> **Exercise**
Give back exactly the stretch of data below from the line holding "unfurnished room with" through the line holding "Men pirating. Young", both ends included, and leave the remaining lines out.

> **Materials provided**
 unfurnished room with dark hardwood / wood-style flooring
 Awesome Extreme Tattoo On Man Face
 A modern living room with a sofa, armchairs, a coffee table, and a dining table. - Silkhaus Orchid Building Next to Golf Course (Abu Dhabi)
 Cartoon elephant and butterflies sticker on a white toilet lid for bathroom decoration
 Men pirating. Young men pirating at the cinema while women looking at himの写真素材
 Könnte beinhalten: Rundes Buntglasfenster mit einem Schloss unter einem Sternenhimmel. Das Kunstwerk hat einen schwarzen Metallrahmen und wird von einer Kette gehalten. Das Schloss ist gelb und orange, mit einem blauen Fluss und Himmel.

* * *

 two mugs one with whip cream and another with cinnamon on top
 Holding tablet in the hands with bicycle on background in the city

* * *

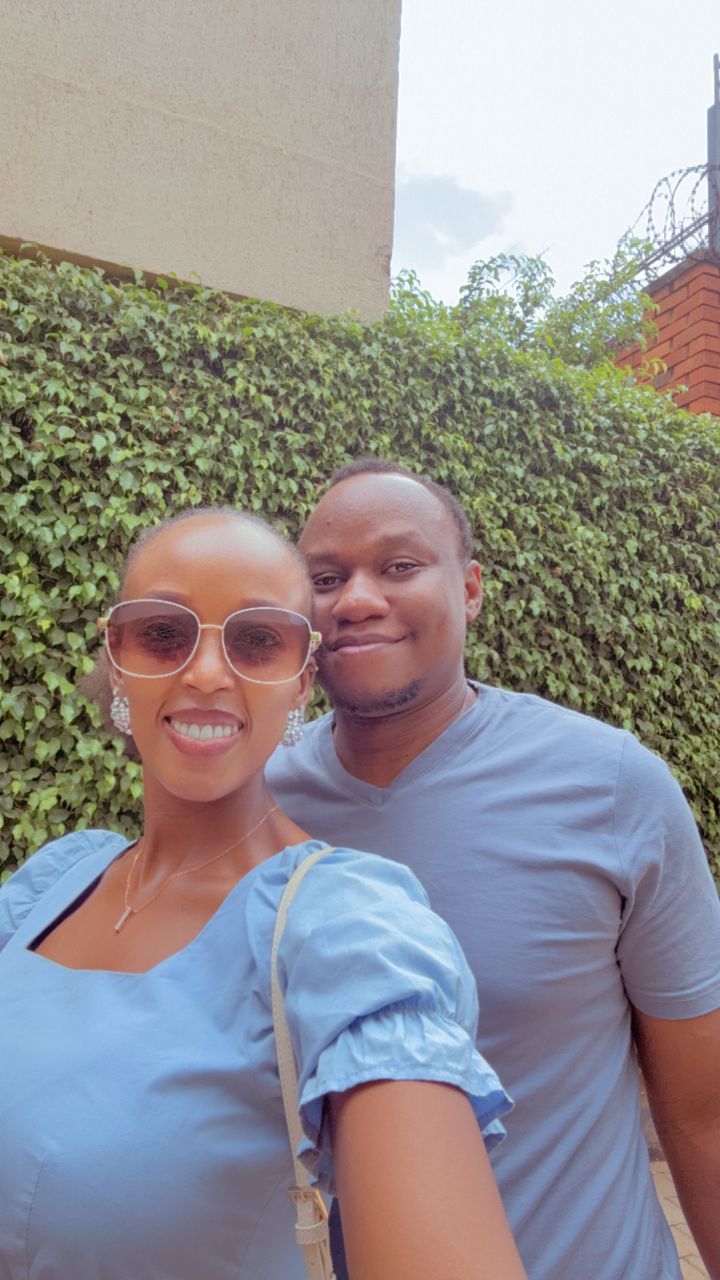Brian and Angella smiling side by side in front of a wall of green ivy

> **Solution for this problem**
 unfurnished room with dark hardwood / wood-style flooring
 Awesome Extreme Tattoo On Man Face
 A modern living room with a sofa, armchairs, a coffee table, and a dining table. - Silkhaus Orchid Building Next to Golf Course (Abu Dhabi)
 Cartoon elephant and butterflies sticker on a white toilet lid for bathroom decoration
 Men pirating. Young men pirating at the cinema while women looking at himの写真素材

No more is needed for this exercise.